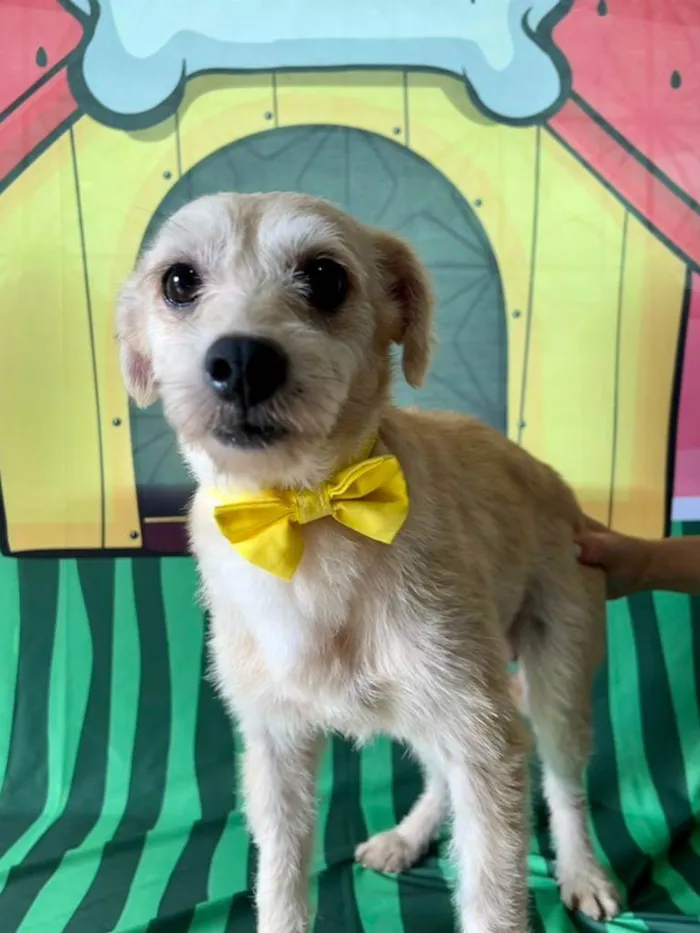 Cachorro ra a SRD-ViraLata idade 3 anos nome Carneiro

________________________________________

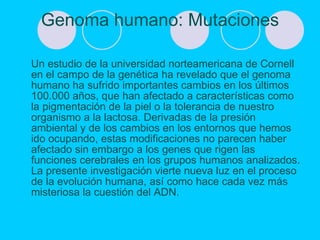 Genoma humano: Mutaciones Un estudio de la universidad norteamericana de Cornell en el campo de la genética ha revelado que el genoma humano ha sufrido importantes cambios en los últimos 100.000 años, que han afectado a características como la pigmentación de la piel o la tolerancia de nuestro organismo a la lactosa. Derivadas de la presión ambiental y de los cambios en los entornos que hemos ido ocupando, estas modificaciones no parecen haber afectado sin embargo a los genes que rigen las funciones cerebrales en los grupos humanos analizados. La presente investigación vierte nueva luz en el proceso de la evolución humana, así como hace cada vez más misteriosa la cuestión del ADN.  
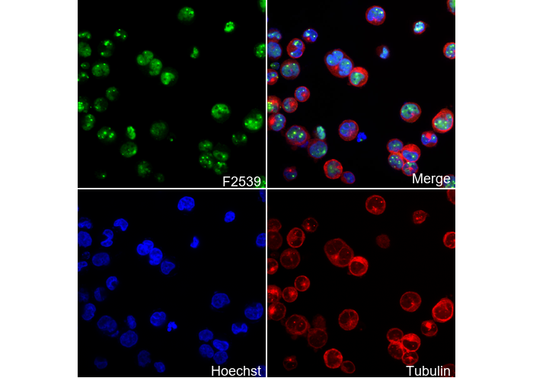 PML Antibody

________________________________________

Copy word for word the span of the records above that begins at the line with "Genoma humano: Mutaciones" and ends at the line with "PML Antibody", including those two lines but not the pictures.

 Genoma humano: Mutaciones Un estudio de la universidad norteamericana de Cornell en el campo de la genética ha revelado que el genoma humano ha sufrido importantes cambios en los últimos 100.000 años, que han afectado a características como la pigmentación de la piel o la tolerancia de nuestro organismo a la lactosa. Derivadas de la presión ambiental y de los cambios en los entornos que hemos ido ocupando, estas modificaciones no parecen haber afectado sin embargo a los genes que rigen las funciones cerebrales en los grupos humanos analizados. La presente investigación vierte nueva luz en el proceso de la evolución humana, así como hace cada vez más misteriosa la cuestión del ADN.  
 PML Antibody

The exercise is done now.